Gourmet Popcornica is currently working with more than 17,500 farmers across nine states and cultivating popcorn maize on over 36,000 acres. Through contract farming, agronomy support, capacity-building programmes, sustainable packaging, responsible sourcing, and branded marketing, the company has helped create a structured market that gives growers clearer demand visibility and a more dependable route to income.
What started as an initiative to produce world-class popcorn domestically has now evolved into a national opportunity. With strong research backing and robust field-level execution, India is well positioned not only to meet its domestic demand but also to emerge as a reliable exporter of premium-quality popcorn maize by 2030. For policymakers and researchers, the popcorn maize story is becoming an example of how crop diversification, seed innovation and industry partnerships can convert a niche imported product into a domestic value chain. In that sense, popcorn maize is no longer just a snack category; it is emerging as a test case for how research-led agriculture can generate rural income, lower import dependence and build specialised food supply chains within India.

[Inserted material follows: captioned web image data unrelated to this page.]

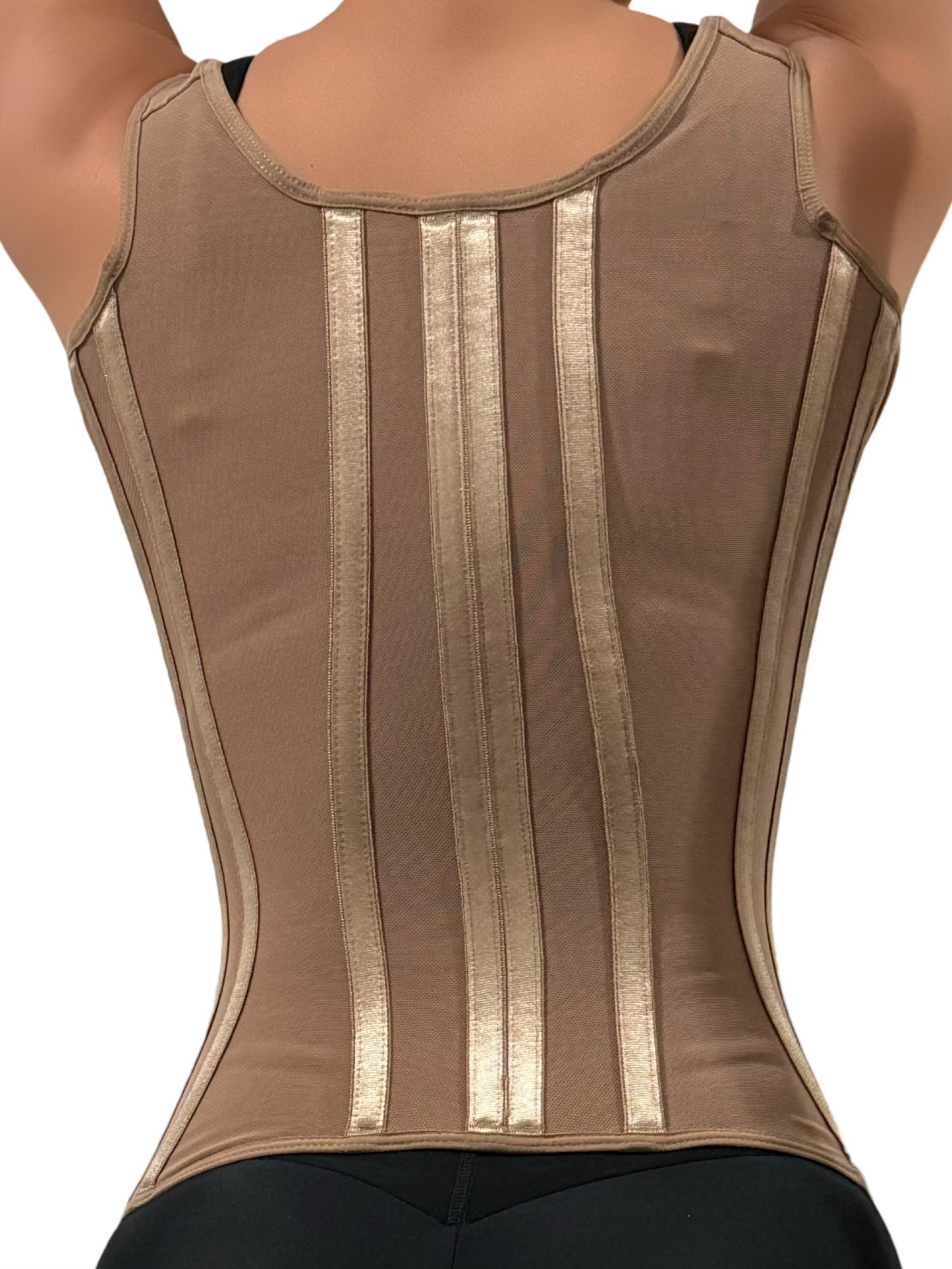 SHAPER VEST GIRDLE WITH ZIPPER, RODS AND HOOKS FOR WOMEN. REF: 10020-18V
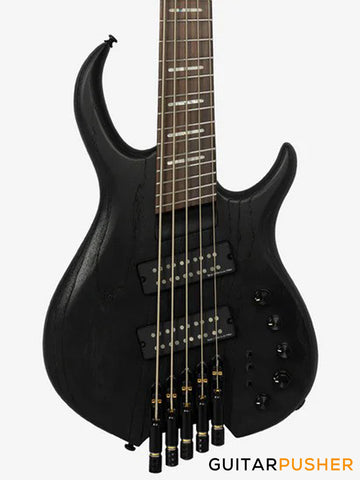 Sire M6 Swamp Ash Sandblasted 5-String Headless Bass Black (2025)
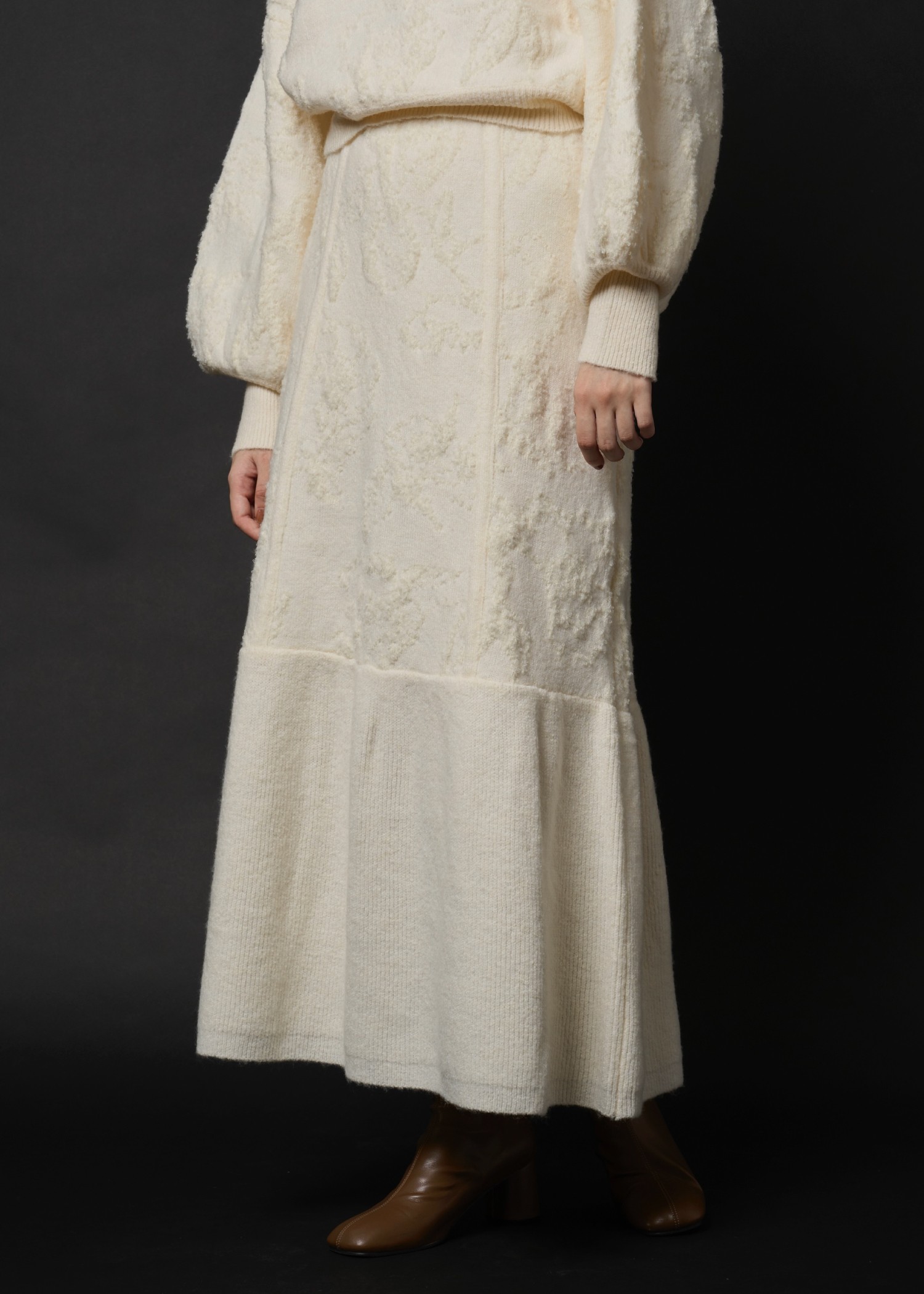 boucle flower jacquard mermaid SK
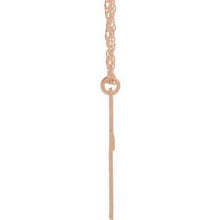 Charger l&#39;image dans la galerie, 14K Rose Gold-Plated Sterling Silver Block Initial F 16-18&quot; Necklace with Brush Finish
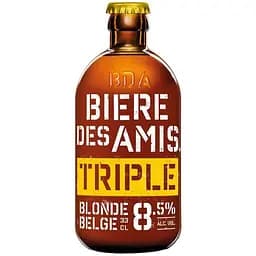 Пиво Biere des Amis Triple cвітле 8.5% 0.33 л
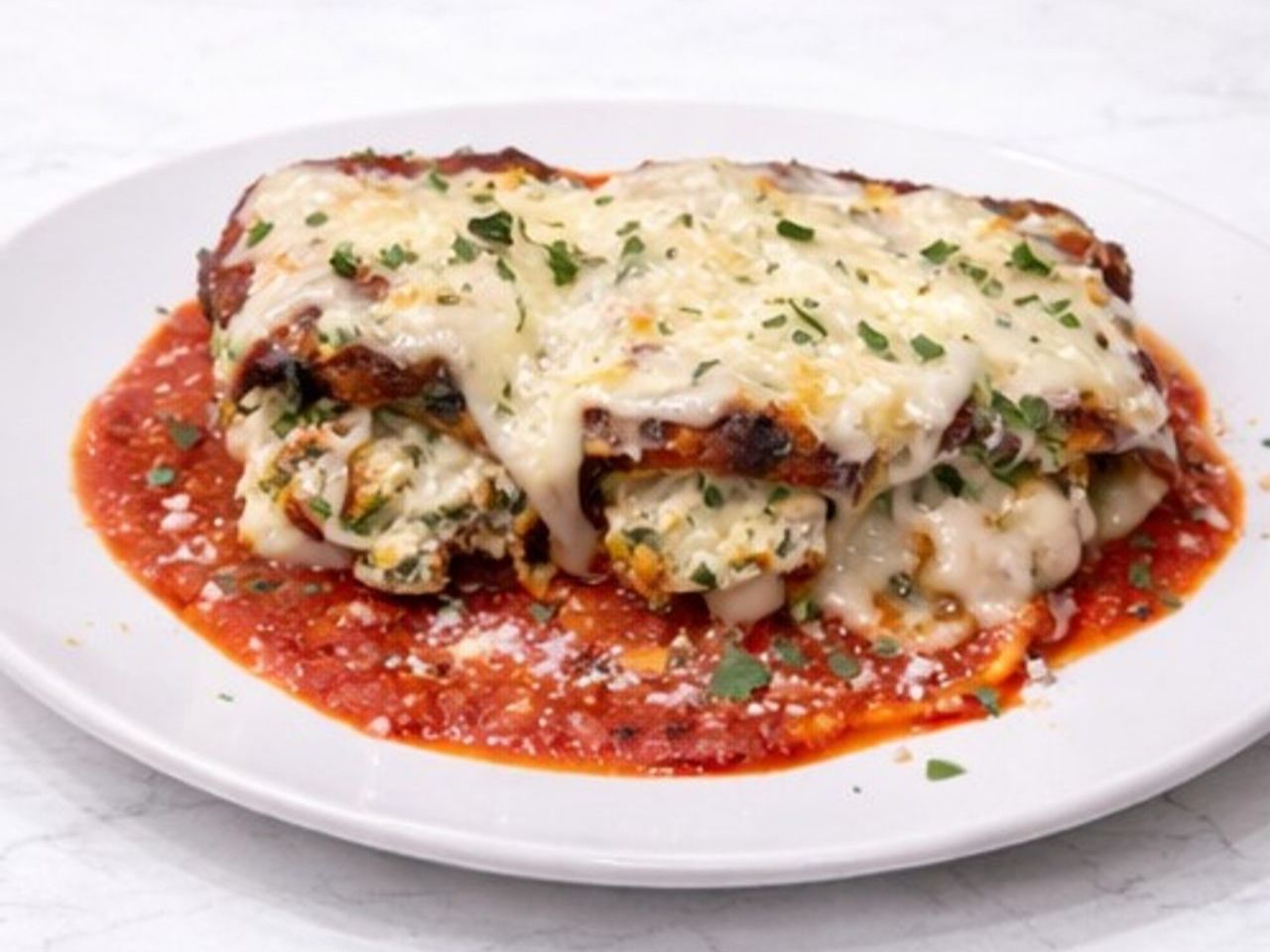 Eggplant Rollatini Entree.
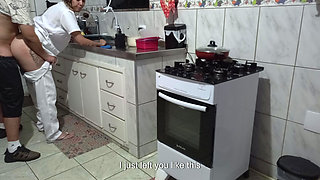 Maid Had Her Ass Used While Washing Dishes.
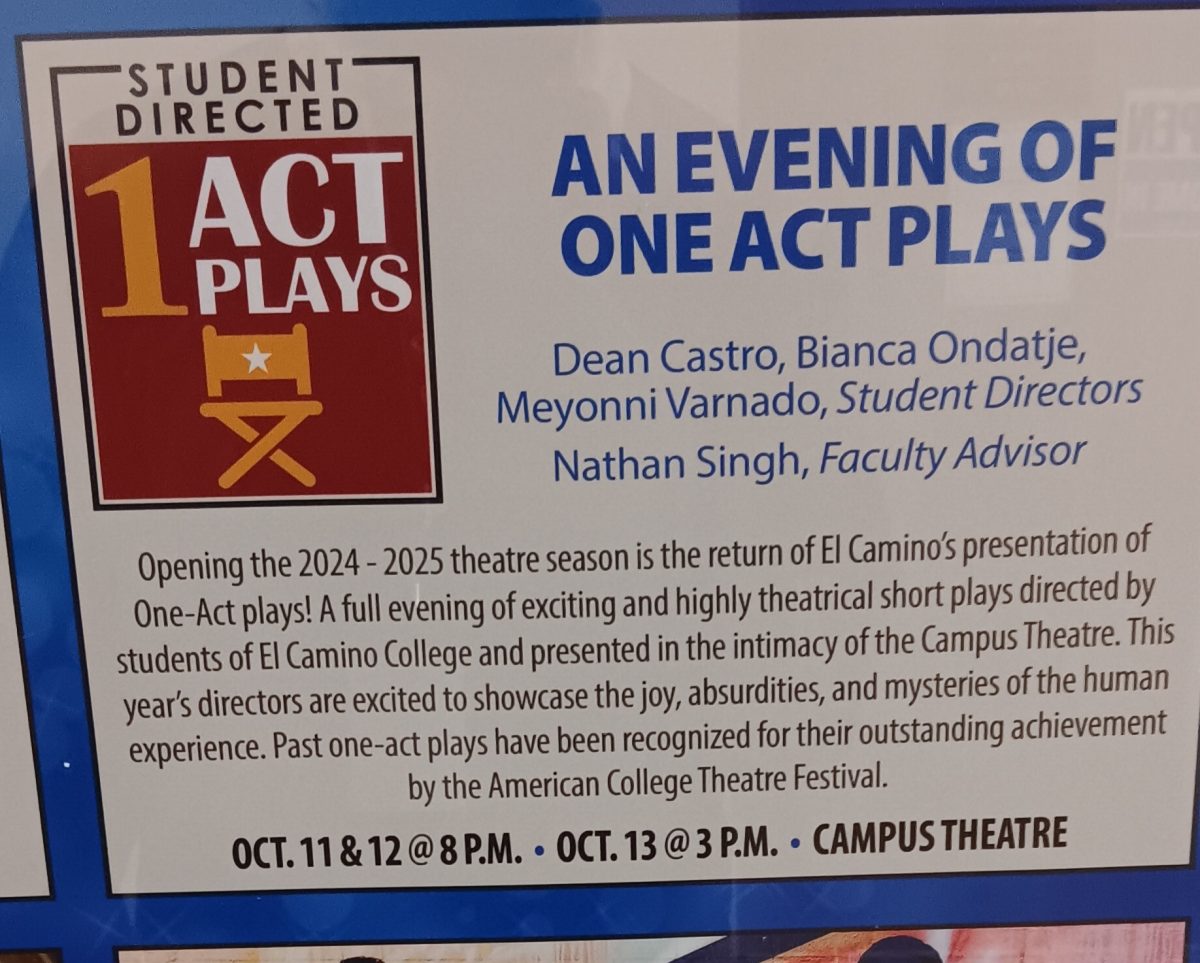 An Evening of One Act Plays are returning to campus starting on Oct. 11 at 8 p.m. in the Campus Theater (Elliott Bullock II | The Union)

Together, ICAR–IIMR and Gourmet Popcornica are nurturing a vibrant, Aatmanirbhar popcorn maize ecosystem, supporting farmer prosperity, institutional excellence, and high-quality, sustainable food choices for Indian consumers. India’s import dependence has already dropped from about 100% a decade ago to roughly 30% today. If current trends continue, the country could meet its full domestic requirement of around 1.80 lakh tonnes by 2030. That would not only complete India’s shift from heavy import dependence to self-reliance, but also open the door to exports of premium-quality popcorn maize in the years ahead.
For now, the sector remains in a transition phase rather than at its final destination. But the direction is clear: what began as a small, import-dependent market has evolved into a fast-growing agricultural and food-processing segment backed by public research, private investment and rising farmer participation. If the current production trajectory holds, popcorn could become one of the more unexpected success stories in India’s drive for agricultural self-sufficiency.